[Recorded data]
┌──
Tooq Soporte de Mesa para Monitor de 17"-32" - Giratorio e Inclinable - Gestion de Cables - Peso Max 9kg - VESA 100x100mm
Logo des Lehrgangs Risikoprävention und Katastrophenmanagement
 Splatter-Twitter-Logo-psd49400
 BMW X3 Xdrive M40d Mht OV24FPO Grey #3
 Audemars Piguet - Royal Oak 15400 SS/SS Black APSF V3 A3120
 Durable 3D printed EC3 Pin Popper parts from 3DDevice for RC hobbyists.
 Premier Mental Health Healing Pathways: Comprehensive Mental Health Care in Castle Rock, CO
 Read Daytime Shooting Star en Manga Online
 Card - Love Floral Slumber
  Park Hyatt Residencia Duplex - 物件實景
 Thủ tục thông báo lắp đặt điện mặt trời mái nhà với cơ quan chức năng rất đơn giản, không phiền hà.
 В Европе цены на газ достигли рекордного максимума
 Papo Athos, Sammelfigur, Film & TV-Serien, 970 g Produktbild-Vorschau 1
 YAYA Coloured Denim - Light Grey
└──
[Assigned task]
Line by line, retype all the entries exactly as they are shown.

[Task answer]
Tooq Soporte de Mesa para Monitor de 17"-32" - Giratorio e Inclinable - Gestion de Cables - Peso Max 9kg - VESA 100x100mm
Logo des Lehrgangs Risikoprävention und Katastrophenmanagement
 Splatter-Twitter-Logo-psd49400
 BMW X3 Xdrive M40d Mht OV24FPO Grey #3
 Audemars Piguet - Royal Oak 15400 SS/SS Black APSF V3 A3120
 Durable 3D printed EC3 Pin Popper parts from 3DDevice for RC hobbyists.
 Premier Mental Health Healing Pathways: Comprehensive Mental Health Care in Castle Rock, CO
 Read Daytime Shooting Star en Manga Online
 Card - Love Floral Slumber
  Park Hyatt Residencia Duplex - 物件實景
 Thủ tục thông báo lắp đặt điện mặt trời mái nhà với cơ quan chức năng rất đơn giản, không phiền hà.
 В Европе цены на газ достигли рекордного максимума
 Papo Athos, Sammelfigur, Film & TV-Serien, 970 g Produktbild-Vorschau 1
 YAYA Coloured Denim - Light Grey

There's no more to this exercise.